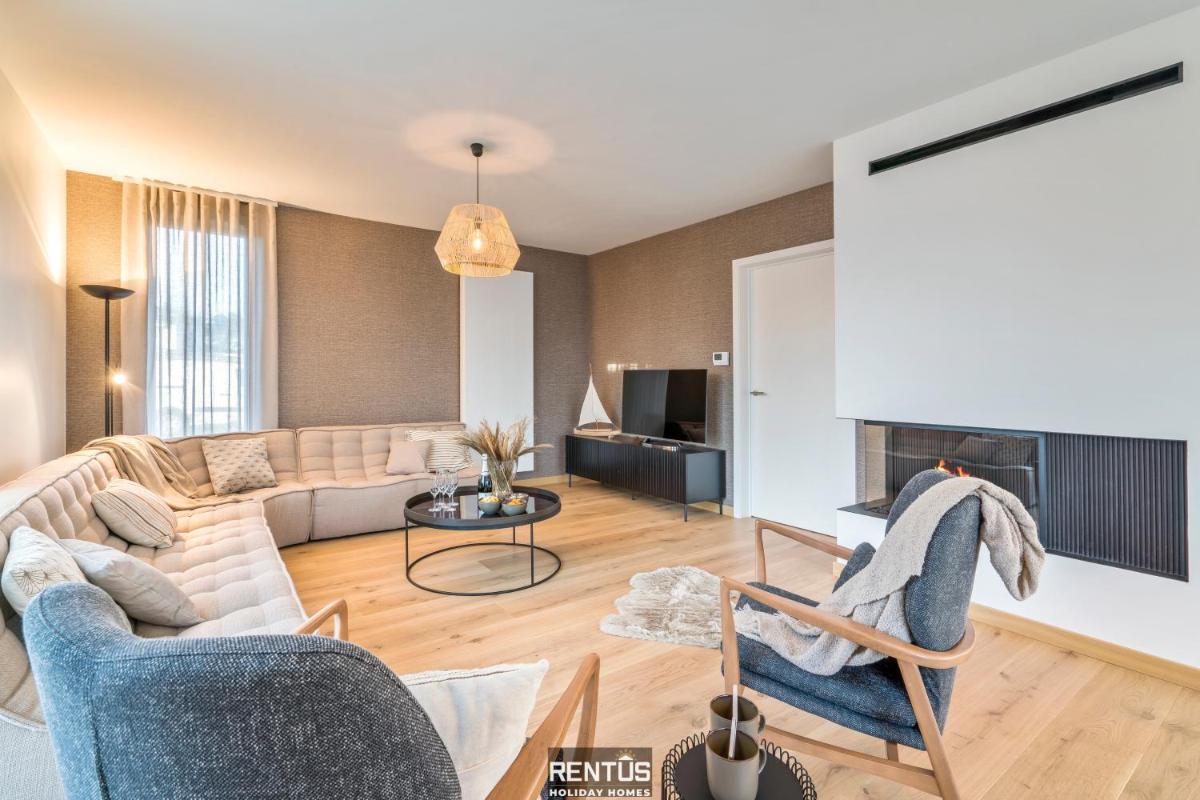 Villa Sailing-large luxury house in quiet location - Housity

----

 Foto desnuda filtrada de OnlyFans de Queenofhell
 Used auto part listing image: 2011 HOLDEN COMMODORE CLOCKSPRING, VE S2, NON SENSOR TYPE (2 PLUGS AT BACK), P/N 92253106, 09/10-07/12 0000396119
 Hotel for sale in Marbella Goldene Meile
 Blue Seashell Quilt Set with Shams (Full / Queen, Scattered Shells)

----

PROBLEM DESCRIPTION: Taking the lines above, repeat exactly those from the line that contains "Foto desnuda filtrada" through the line that contains "Blue Seashell Quilt", and both of those lines as well. Include nothing else.

THE COMPLETED TASK:
 Foto desnuda filtrada de OnlyFans de Queenofhell
 Used auto part listing image: 2011 HOLDEN COMMODORE CLOCKSPRING, VE S2, NON SENSOR TYPE (2 PLUGS AT BACK), P/N 92253106, 09/10-07/12 0000396119
 Hotel for sale in Marbella Goldene Meile
 Blue Seashell Quilt Set with Shams (Full / Queen, Scattered Shells)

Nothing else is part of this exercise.